Решите уравнение y'(x)= 0, если y(x)= 3x/x^2+1​

To find the solution to the equation $y'(x) = 0$ for the given function $y(x) = \frac{3x}{x^2 + 1}$, we need to find the values of $x$ where the derivative of $y(x)$ is equal to zero.

First, let's find the derivative of $y(x)$:

$y(x) = \frac{3x}{x^2 + 1}$

To find $y'(x)$, we can use the quotient rule:

$y'(x) = \frac{d}{dx} \left(\frac{3x}{x^2 + 1}\right)$ $y'(x) = \frac{(x^2 + 1) \cdot 3 - 3x \cdot 2x}{(x^2 + 1)^2}$ $y'(x) = \frac{3x^2 + 3 - 6x^2}{(x^2 + 1)^2}$ $y'(x) = \frac{-3x^2 + 3}{(x^2 + 1)^2}$

Now, we need to find the values of $x$ for which $y'(x) = 0$:

$0 = \frac{-3x^2 + 3}{(x^2 + 1)^2}$

Since the numerator $-3x^2 + 3$ is never equal to zero (it's a non-zero constant), the only way for the fraction to be zero is when the denominator $(x^2 + 1)^2$ is equal to infinity.
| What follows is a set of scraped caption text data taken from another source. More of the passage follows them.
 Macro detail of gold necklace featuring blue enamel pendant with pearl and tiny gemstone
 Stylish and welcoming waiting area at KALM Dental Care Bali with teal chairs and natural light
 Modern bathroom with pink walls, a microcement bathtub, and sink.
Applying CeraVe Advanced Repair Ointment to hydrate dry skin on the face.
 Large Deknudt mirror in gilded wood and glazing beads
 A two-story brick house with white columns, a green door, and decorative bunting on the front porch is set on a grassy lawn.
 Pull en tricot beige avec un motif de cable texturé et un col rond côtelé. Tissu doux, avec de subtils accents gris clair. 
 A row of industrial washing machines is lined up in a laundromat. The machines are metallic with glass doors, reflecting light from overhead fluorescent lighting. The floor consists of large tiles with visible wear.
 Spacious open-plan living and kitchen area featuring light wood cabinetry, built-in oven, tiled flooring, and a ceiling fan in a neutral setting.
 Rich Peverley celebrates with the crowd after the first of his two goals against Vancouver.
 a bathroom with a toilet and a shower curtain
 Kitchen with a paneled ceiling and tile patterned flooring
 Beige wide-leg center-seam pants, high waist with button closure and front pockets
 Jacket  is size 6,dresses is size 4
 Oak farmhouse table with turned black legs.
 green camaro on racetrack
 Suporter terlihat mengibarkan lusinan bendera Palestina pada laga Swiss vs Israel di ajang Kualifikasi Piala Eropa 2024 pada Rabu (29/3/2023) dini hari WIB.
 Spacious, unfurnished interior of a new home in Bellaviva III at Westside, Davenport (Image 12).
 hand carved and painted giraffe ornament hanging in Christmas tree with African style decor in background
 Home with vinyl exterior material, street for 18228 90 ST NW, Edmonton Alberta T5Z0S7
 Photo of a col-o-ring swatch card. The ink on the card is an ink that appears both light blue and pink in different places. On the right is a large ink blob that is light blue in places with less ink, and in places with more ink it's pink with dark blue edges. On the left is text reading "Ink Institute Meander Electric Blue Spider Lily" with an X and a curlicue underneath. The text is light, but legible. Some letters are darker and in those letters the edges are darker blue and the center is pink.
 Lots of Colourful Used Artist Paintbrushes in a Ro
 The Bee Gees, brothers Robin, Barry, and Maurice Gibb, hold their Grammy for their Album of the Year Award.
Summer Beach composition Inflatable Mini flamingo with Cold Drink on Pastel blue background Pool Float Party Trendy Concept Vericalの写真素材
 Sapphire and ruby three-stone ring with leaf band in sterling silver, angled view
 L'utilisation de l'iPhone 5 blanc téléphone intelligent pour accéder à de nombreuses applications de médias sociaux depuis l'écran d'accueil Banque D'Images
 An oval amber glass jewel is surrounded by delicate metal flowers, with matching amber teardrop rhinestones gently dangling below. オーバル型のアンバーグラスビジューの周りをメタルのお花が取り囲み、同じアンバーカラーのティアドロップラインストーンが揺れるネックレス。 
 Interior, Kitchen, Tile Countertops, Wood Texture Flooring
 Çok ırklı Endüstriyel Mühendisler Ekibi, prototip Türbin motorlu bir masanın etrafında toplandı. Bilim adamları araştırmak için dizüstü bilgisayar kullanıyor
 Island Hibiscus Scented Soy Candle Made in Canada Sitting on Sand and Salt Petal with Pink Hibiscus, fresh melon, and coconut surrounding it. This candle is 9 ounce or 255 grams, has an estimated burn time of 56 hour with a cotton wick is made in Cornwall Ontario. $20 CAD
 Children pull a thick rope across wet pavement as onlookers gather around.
However, since $x^2 + 1$ is always positive, its square $(x^2 + 1)^2$ is also always positive and can never be equal to zero.

Thus, there are no solutions to the equation $y'(x) = 0$ for the given function $y(x) = \frac{3x}{x^2 + 1}$. In other words, the function $y(x)$ does not have any critical points or turning points. It is a monotonic function on its entire domain.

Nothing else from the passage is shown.